NiFi - Cluster crashes while running CaptureChangeMySQL for CDC

classic Classic list List threaded Threaded
2 messages Options
Reply | Threaded
Open this post in threaded view
|

NiFi - Cluster crashes while running CaptureChangeMySQL for CDC

Purushotham Pushpavanthar
Hi,

I've been trying to run CDC in 3 node NiFi (ver : 1.9.2) cluster similar to
the what is illustrated here
<https://community.hortonworks.com/articles/113941/change-data-capture-cdc-with-apache-nifi-version-1-1.html>
.
However, I've been facing below issue because of scale. When I start the
processor, the JVM heap(12 GB) utilization reaches 100% on primary node and
then crashes. Same repeats with the other nodes when new Cluster
coordinator/Primary node is elected.

I tried debugging this issue and drafted out below details for discussion.

The processor initializes an unbounded *LinkedBlockingQueue* and registers
it with the listener to binlog client.
The BinaryLogClient reads the binlog files and adds it into the Queue. When
triggered the processor drains the Queue and writes the events to flowfile
and transfer it to SUCCESS relationship in a single thread. However, when
throughput in the database is huge, the queue gets flooded with events and
single threaded processor fails to catch up and results in bloating up the
JVM and the primary node.
Below are the reasons I suspect most (Feel free to correct me if I'm wrong.
Let's debate on this for better understanding).

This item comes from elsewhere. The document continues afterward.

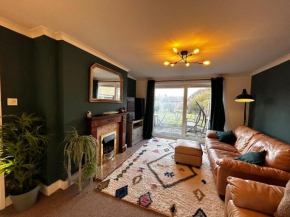 Large Cosy Home in Sutton Bonnington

   1. Due to decoupled nature of this Queue with respect to NiFi
   connections, the back pressure configurations doesn't have any control on
   throughput of BinaryLogClient.
   2. I tried increasing JVM memory settings from Xms3G and Xmx3G to *Xms32G
   and Xmx32G.* If not for CDC, our cluster used run at 20%-70% heap
   utilization with Xmx3G (past 4 months). I'm unable to budget the JVM usage.
   There should be a limit on how much share a processor can take out of the
   cluster.
   3. Having CaptureChangeMySQL as single threaded processor, running on
   primary node adds to the above issue.
   4. The processor doesn't have batching. Ends up creating too many
   flowfiles whose content size is comparable to the its flowfile attributes
   in memory.

I'm posting this thread to initiate discussion on how to solve this issue.
Please share your experiences if you have faced similar issue
in CaptureChangeMySQL processor or any other NiFi processor.
What work around did you follow? How did you fix it?
Is NiFi a right tool for CDC use case?
If so should we have a separate cluster for per CDC pipeline based on the
scale since executing CaptureChangeMySQL in primary node is bottleneck?

*Cluster specs :*
3 Node Cluster

   - Model : c5.2xlarge
   - vCPU : 8
   - Memory (GiB) : 16
   - Instance Storage (GiB) : 200 (EBS)
   - Network Bandwidth (Gbps) : Up to 10
   - EBS Bandwidth (Mbps) : Up to 3,500

*Nifi Configs :*
*Bootstrap.conf*

   - java.arg.2=-Xms12G
   - java.arg.3=-Xmx12G
   - java.arg.5=-Dsun.net.http.allowRestrictedHeaders=true
   - java.arg.6=-Djava.protocol.handler.pkgs=sun.net.www.protocol
   - java.arg.7=-XX:ReservedCodeCacheSize=256m
   - java.arg.8=-XX:CodeCacheMinimumFreeSpace=10m
   - java.arg.9=-XX:+UseCodeCacheFlushing


*nifi.properties *(I can share more configs if needed)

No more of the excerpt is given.